A Vice documentary educated us about the rise of sex witches in the Northern village of Phallus Ridge, and how a local landlady teamed up with a sex-crazed biker to track down her potentially adulterous husband. Norris & Parker: Burn the Witch is both exactly that and a lot more. This is the basic story-line that the audience manages to carve out of a surreal and explicit mixture of dance, sex jokes, and techno musical numbers.
It is very strange, but the show is also a lot of fun. Katie Norris and Sinead Parker use their comedy to talk very frankly about sex, the body and their relationships. While the pair’s openness is indeed striking at times, neither the focus or the speciality of this show is heart-to-heart conversations. The point is you should wet yourself laughing at the absurdity of the situation. Everything, from getting it on with a whale, to the curse brought upon a family by a newly grown mullet, is delightfully nonsensical and enjoyable – twice as much when told through song. It is a theatrical branch of comedy that Norris and Parker use to say something about politics and human relationships, but primarily to make everyone in the crowd crack up (including themselves).
Despite the best distracting efforts of funky lighting and witch hats, the earliest thing to catch your attention about Burn the Witch is the fizzing chemistry between its two stars. There are moments throughout where Norris and Parker break character to talk about some of their experiences, and in these moments you realise how strong the bond between the two is. It is this bond that helps the pair interact so well as performers. The result of this trust onstage is hilarity, delivering jokes that could easily fall flat when delivered from other performers but get the best reaction possible here. They risk being upstaged on several occasions though by their musician ‘Huge Davies’, a quiet man with an Adam Driver-style disinterested stare. Davies barely has to say or do anything to make the audience giggle. He is brilliant.

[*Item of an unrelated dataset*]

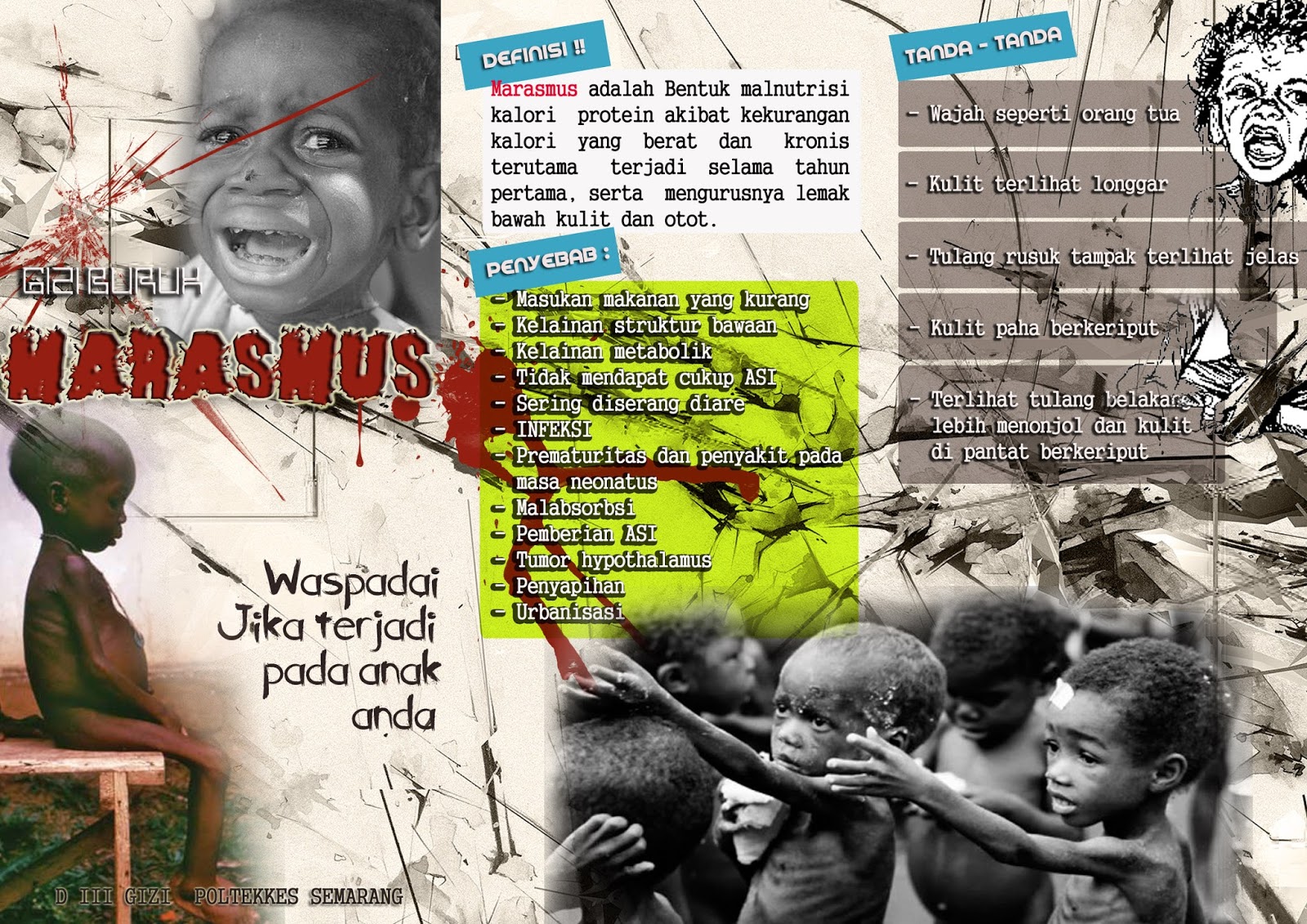 TEMBANG: Leaflet "Marasmus"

The three-person cast do make occasional comments about the smut and language in the show, and it is indeed pushing boundaries as many good comedies do. Fortunately, the crowd never seems lost or overly offended by what they have to say and more get on board with all their innuendo antics. This is just as well, because Norris and Parker like to involve their onlookers. The closing 5-10 minutes in particular feature a brilliant piece of audience involvement that catches you completely off guard. This best joke is saved up right until the end.
Nothing that you can ever read or hear will prepare you for the experience of Burn the Witch. In the best possible ways, it is weirder, more outlandish and entertaining than anyone could second guess. It is a madcap hour that leaves you giggling like an immature teenager throughout, and in hindsight reflecting on the significance of it all and how wonderfully Norris and Parker own the show.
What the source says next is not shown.